Boosted trees,
from a constant
to a strong learner.
Most winning models on spreadsheet-shaped data aren't neural nets: they're gradient-boosted decision trees. This guide builds the whole idea up from one if/else split, draws every step, and hands you working code. Everything you scroll past is running real trees in your browser.
The data is a table, so respect the table
Tabular data is rows of records with heterogeneous columns: age next to zip code next to "number of logins last week." The columns have different units, different scales, and the useful signal is usually non-smooth and full of interactions: "risk jumps once balance crosses $0 and the account is older than 90 days."
Neural networks love smooth, continuous, translation-invariant signals (pixels, audio, text). They struggle to carve sharp, axis-aligned thresholds out of a pile of unrelated columns. A decision tree does exactly that and nothing else: it slices one column at a time. Stack hundreds of small trees and you get a model that is fast, needs almost no preprocessing, ignores feature scale, eats missing values, and routinely tops the leaderboard on tabular problems.

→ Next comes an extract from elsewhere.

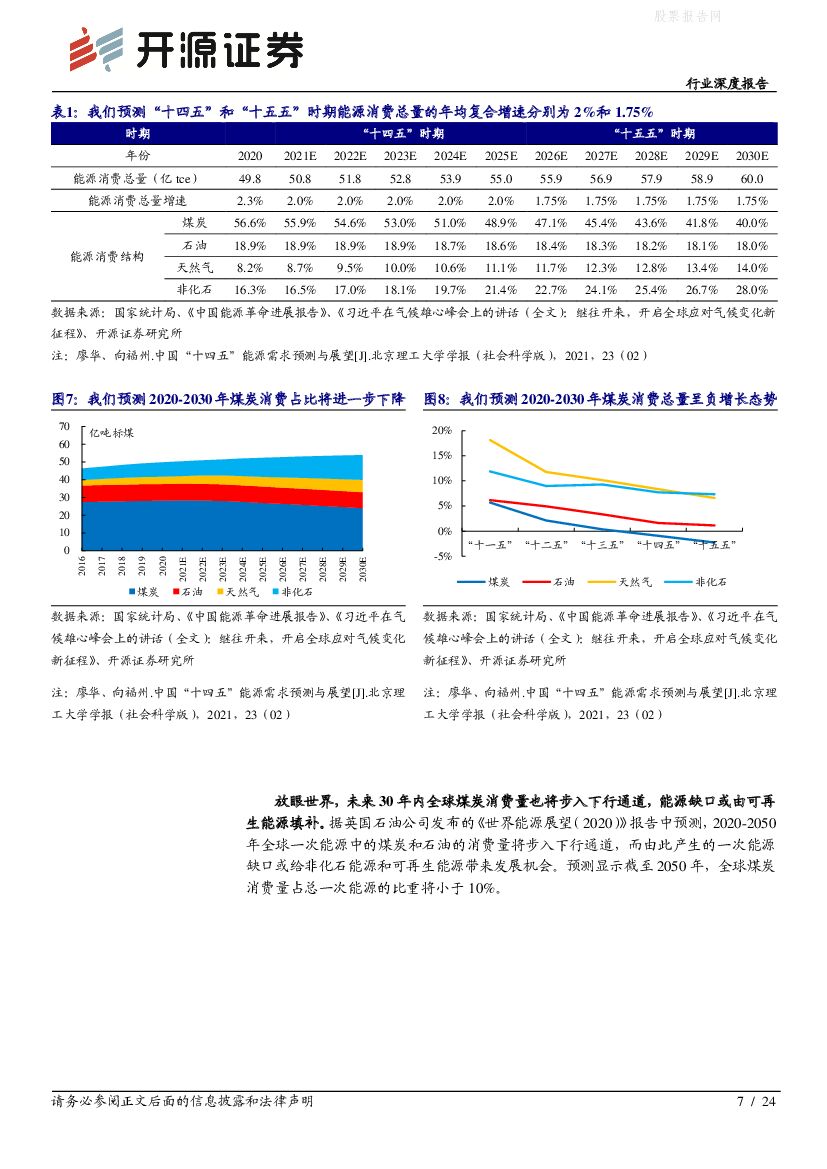 开源证券：“碳中和”化工篇之一：碳中和将推动化工行业供给侧改革，高耗能化工行业龙头或先受益_第7页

A neural net bends a smooth surface to fit your data; a tree chops the space into boxes and predicts a flat value inside each box. For tables, chopping wins.
Here's the road: a single tree → how it picks a split → why we use many trees → boosting (fit the leftover error) → the calculus that makes "gradient" boosting general → from-scratch code → the production engines → the practical playbook.
A tree is just nested if/else over feature space
A decision tree is a program you didn't write by hand. Each internal node asks one yes/no question about one feature (is x ≤ 3.4?); each leaf hands back a prediction. Geometrically, every question is a straight cut perpendicular to an axis, so the tree carves the feature space into rectangles and predicts one constant per rectangle.
The dataset below is a classic trap: the two classes sit in opposite corners (an XOR pattern). No single cut can separate them, but a couple of stacked cuts can. Drag the depth and watch the boxes (and the tree) grow.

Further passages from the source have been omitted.